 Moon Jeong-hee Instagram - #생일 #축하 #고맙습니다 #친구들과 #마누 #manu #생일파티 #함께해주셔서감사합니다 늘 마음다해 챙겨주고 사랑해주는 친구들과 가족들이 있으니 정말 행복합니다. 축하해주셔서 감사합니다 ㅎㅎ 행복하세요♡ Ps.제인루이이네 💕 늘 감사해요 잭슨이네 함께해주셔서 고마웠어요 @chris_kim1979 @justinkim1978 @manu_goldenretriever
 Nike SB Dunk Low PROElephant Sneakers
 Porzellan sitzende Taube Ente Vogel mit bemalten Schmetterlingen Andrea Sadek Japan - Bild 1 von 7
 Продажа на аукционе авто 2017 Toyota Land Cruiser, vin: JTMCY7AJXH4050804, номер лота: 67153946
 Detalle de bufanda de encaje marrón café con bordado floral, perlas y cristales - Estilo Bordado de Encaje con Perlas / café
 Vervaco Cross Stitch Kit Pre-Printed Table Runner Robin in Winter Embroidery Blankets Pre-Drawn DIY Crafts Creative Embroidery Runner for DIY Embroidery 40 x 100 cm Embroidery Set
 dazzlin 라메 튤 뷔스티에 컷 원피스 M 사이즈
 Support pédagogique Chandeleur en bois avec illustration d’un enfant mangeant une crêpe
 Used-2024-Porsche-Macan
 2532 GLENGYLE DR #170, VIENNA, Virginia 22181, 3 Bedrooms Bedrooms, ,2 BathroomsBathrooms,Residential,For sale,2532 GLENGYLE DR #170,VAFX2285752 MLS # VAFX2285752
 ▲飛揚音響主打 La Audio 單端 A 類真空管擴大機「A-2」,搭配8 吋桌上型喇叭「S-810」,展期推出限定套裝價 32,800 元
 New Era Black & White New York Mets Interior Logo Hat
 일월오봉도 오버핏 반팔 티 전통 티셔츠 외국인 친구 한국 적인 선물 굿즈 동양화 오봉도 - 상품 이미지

- - - - -

Please write out, exactly as they appear above, only the lines in the stretch from the line with "Vervaco Cross Stitch" through the line with "2532 GLENGYLE DR #170, VIENNA, Virginia".

 Vervaco Cross Stitch Kit Pre-Printed Table Runner Robin in Winter Embroidery Blankets Pre-Drawn DIY Crafts Creative Embroidery Runner for DIY Embroidery 40 x 100 cm Embroidery Set
 dazzlin 라메 튤 뷔스티에 컷 원피스 M 사이즈
 Support pédagogique Chandeleur en bois avec illustration d’un enfant mangeant une crêpe
 Used-2024-Porsche-Macan
 2532 GLENGYLE DR #170, VIENNA, Virginia 22181, 3 Bedrooms Bedrooms, ,2 BathroomsBathrooms,Residential,For sale,2532 GLENGYLE DR #170,VAFX2285752 MLS # VAFX2285752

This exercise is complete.